■ INSTRUCTIONS FOR THE TASK: The span to repeat in the listing below runs from the line containing "Box of ebony" to the line containing "Winter - Abstract", inclusive. Repeat it exactly, and only it.

■ SUPPLIED DATA:

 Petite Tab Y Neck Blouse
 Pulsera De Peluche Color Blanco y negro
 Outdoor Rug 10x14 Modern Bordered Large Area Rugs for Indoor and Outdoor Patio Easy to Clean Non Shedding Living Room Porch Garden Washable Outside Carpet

--

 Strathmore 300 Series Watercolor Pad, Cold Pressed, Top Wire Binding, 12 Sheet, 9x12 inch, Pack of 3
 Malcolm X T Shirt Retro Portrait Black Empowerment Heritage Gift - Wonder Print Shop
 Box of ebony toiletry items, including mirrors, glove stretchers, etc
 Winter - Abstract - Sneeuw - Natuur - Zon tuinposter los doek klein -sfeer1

* * *

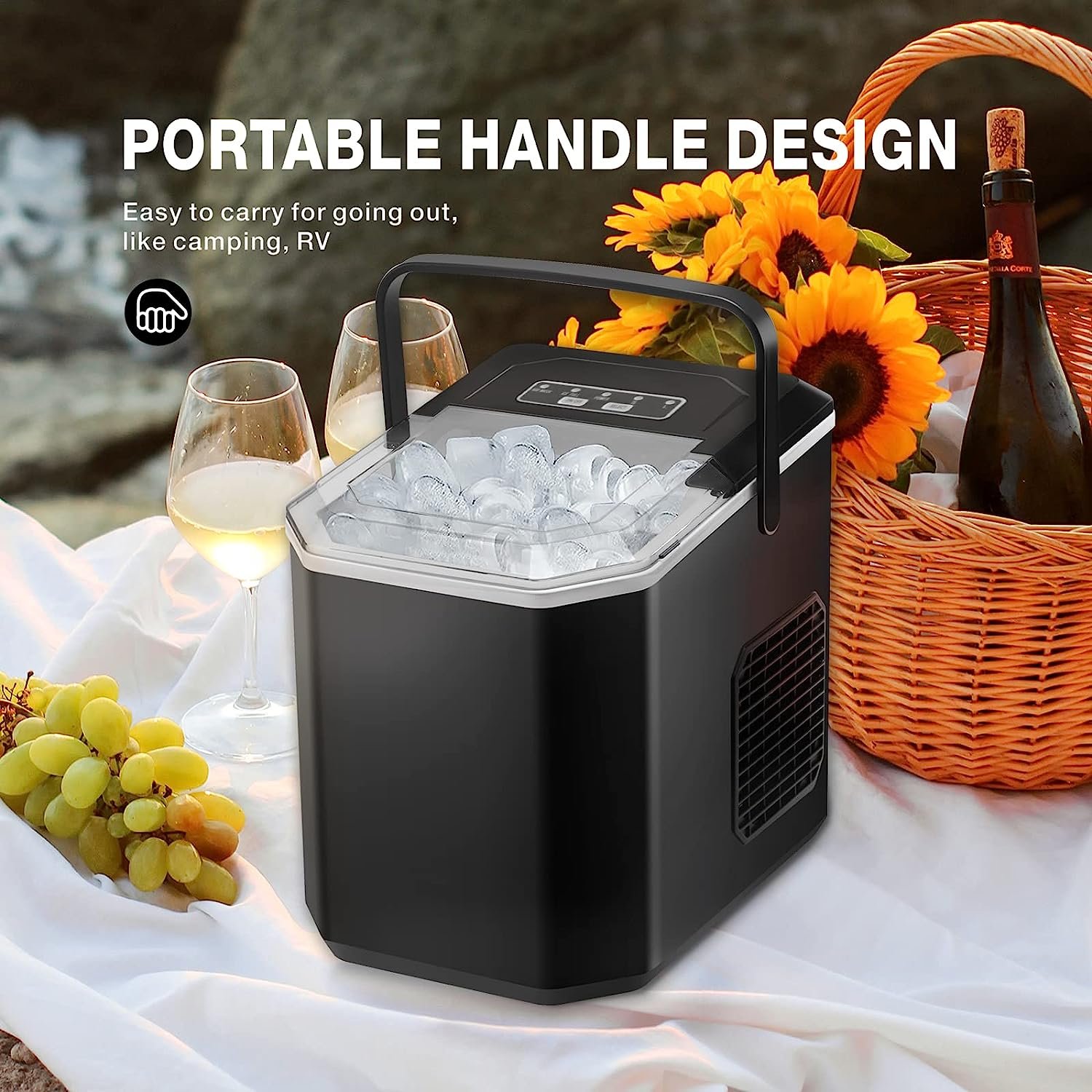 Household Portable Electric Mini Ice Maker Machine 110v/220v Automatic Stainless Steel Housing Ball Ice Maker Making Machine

■ ANSWER TO THE PROBLEM:
 Box of ebony toiletry items, including mirrors, glove stretchers, etc
 Winter - Abstract - Sneeuw - Natuur - Zon tuinposter los doek klein -sfeer1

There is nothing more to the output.